──────── Dataset extract
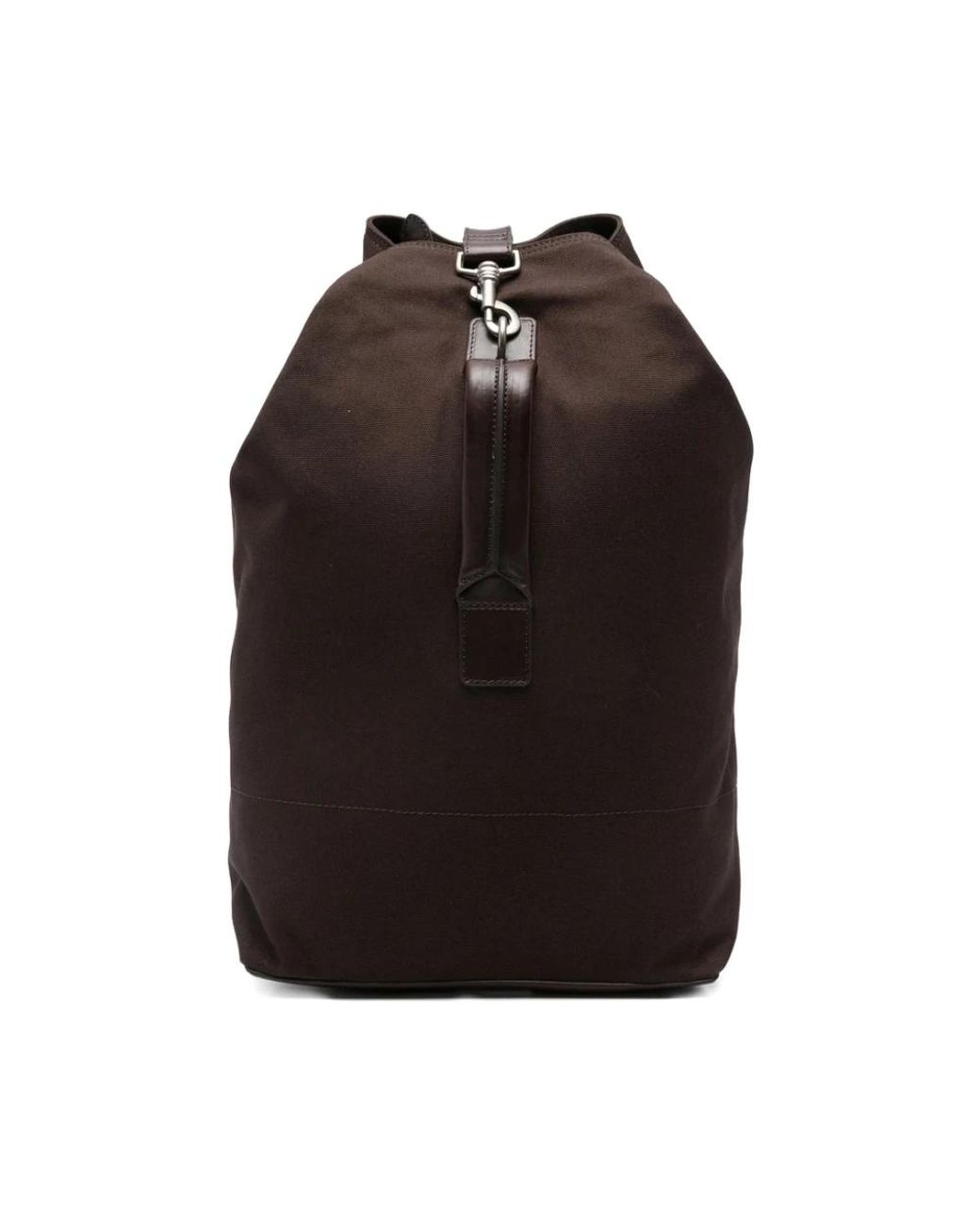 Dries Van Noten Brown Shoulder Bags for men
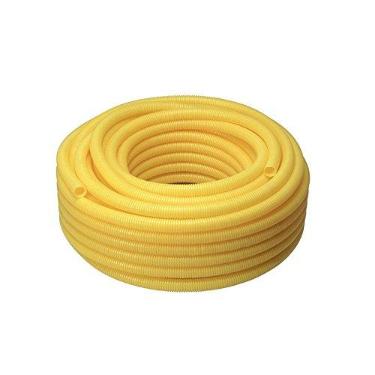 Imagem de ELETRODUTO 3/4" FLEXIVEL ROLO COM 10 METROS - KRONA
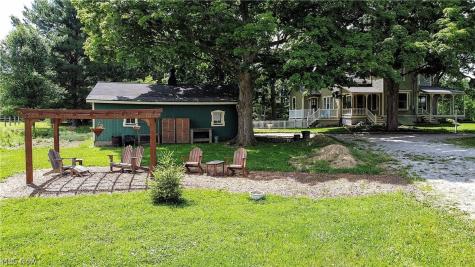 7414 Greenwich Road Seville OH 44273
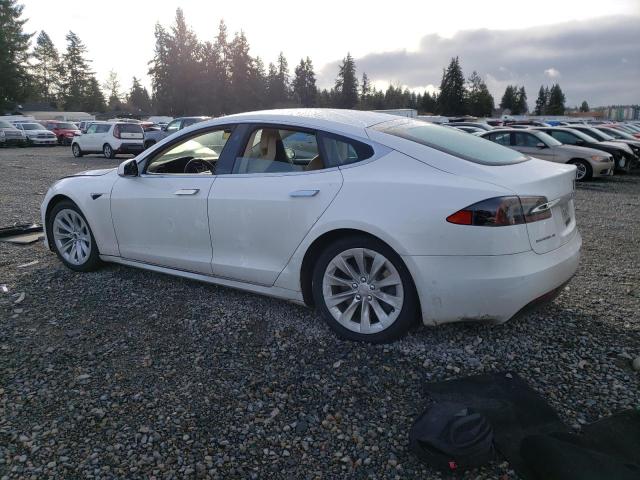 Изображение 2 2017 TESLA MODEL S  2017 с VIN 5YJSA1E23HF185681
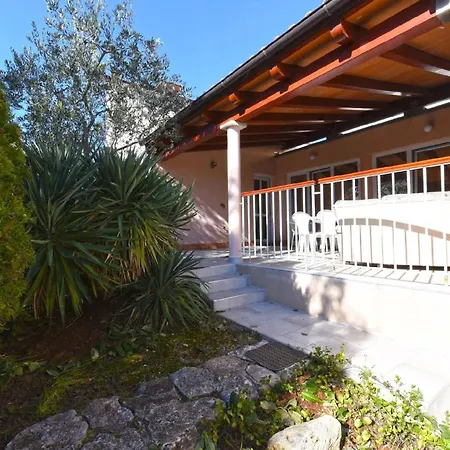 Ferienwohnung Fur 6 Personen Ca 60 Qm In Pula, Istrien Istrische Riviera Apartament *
────────────────
## Work to be completed
Output the listing above exactly, pictures omitted.

## Task solution
 Dries Van Noten Brown Shoulder Bags for men
 Imagem de ELETRODUTO 3/4" FLEXIVEL ROLO COM 10 METROS - KRONA
 7414 Greenwich Road Seville OH 44273
 Изображение 2 2017 TESLA MODEL S  2017 с VIN 5YJSA1E23HF185681
 Ferienwohnung Fur 6 Personen Ca 60 Qm In Pula, Istrien Istrische Riviera Apartament *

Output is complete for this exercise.